New financial technologies hold both promise and pitfalls

The technology and financial sectors have a long symbiotic history. In almost any finance textbook, technology, together with deregulation, is deemed to be the main driver of the exponential growth in finance in the past 50 years. Finance is the biggest focus of technology firms, and technology (particularly information and communication) is a big budget item for banks and other financial sector firms. This is not surprising because finance is ultimately the business of collecting, storing, processing, and trading in information, unbounded by geography.

When the textbooks are revised in the next decade, they will still mention the key role of technology in finance—but with one difference. They likely will highlight how a new breed of hybrid financial technology firms—the so-called fintechs—transformed the financial sector when they went from supplying technology to financial firms to competing against them.

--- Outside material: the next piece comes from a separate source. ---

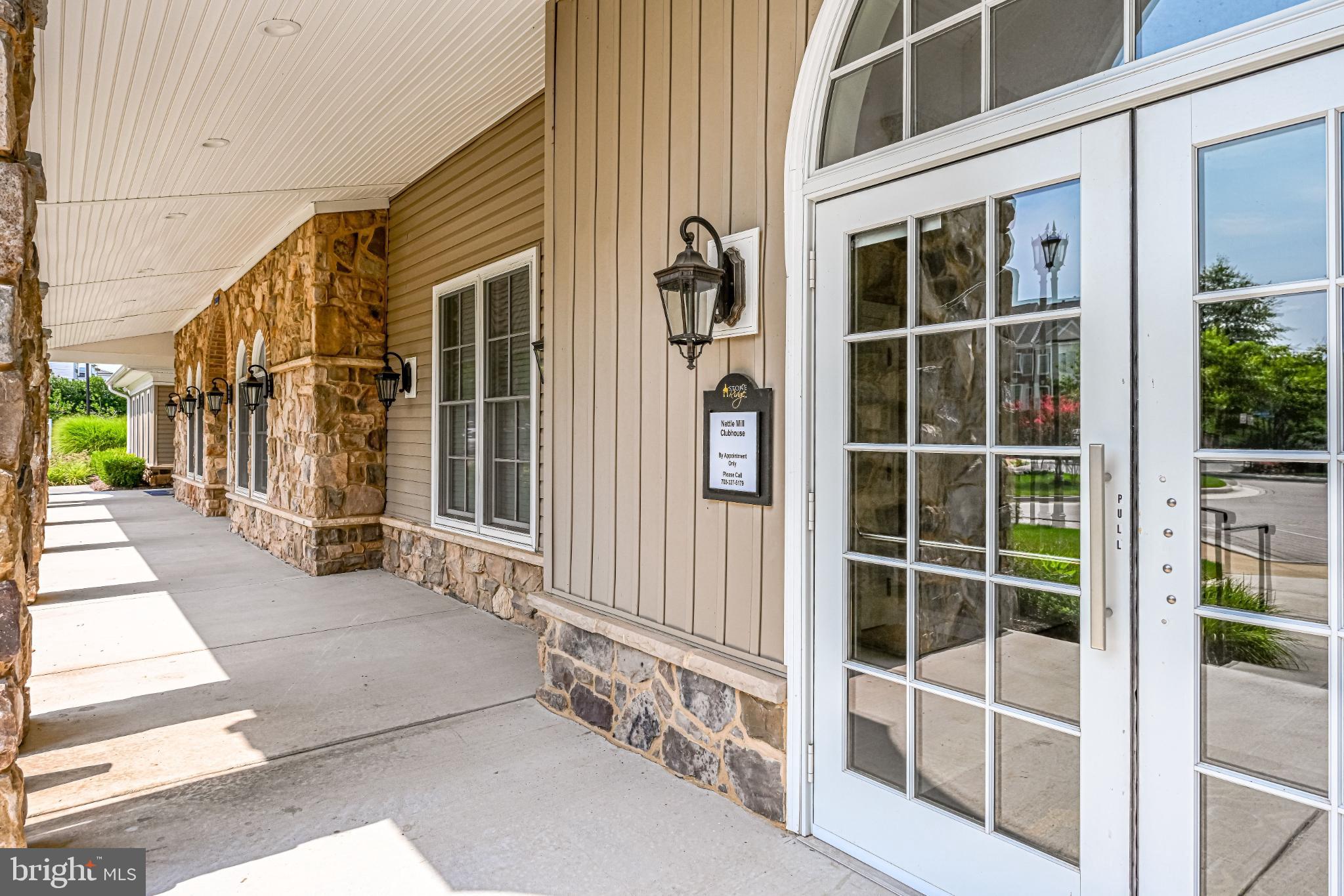 STONE RIDGE LANDBAY 5R - Residential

New applications of technology in finance have no doubt made consumers’ lives easier in myriad ways—automated teller machines (ATMs), debit and credit cards, and Internet banking, to name a few.

Broad impact

Two Faces of Change

But financial technology affects more than just consumers. Financial firms’ entire operations are built around their increased ability to capture and process data thanks to quantum leaps in computing power. These advances have also spawned innovations such as complex options and multilayered securitization—which, for example, package loans into securities that transfer risk from the lender to the securities buyer.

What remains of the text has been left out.